**Exercise**
Only the lines below, from the one with "Used 2016 Toyota" through the one with "Week 2026 Часы", are to be written out, exactly.

**Task material**
______

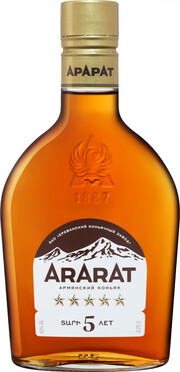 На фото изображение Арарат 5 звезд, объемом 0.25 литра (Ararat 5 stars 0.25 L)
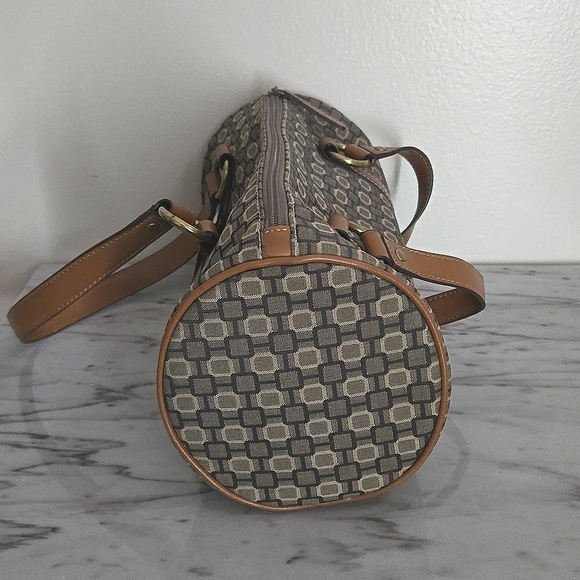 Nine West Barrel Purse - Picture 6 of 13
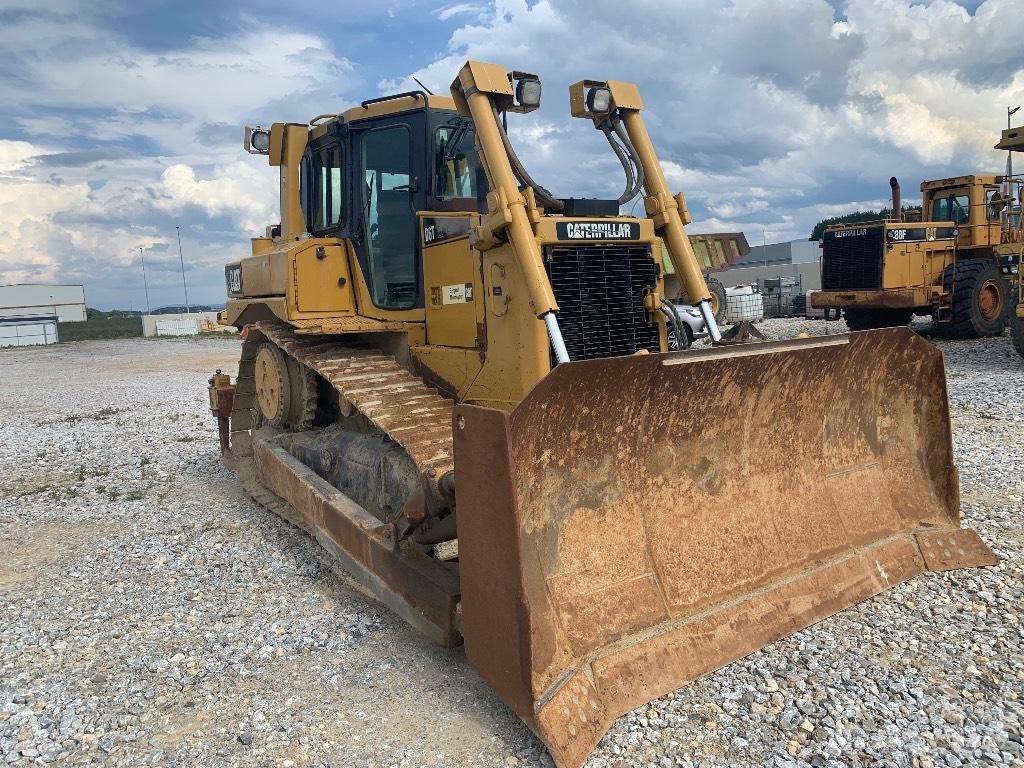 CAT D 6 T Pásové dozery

______

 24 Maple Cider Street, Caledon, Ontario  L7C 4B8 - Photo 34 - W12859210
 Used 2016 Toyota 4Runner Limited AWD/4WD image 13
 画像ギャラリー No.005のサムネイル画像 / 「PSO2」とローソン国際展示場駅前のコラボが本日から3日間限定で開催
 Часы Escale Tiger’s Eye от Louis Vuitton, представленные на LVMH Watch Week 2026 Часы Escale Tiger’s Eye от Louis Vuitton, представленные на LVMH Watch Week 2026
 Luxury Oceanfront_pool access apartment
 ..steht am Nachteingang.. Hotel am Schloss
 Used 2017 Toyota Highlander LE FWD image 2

______

**Solution**
 Used 2016 Toyota 4Runner Limited AWD/4WD image 13
 画像ギャラリー No.005のサムネイル画像 / 「PSO2」とローソン国際展示場駅前のコラボが本日から3日間限定で開催
 Часы Escale Tiger’s Eye от Louis Vuitton, представленные на LVMH Watch Week 2026 Часы Escale Tiger’s Eye от Louis Vuitton, представленные на LVMH Watch Week 2026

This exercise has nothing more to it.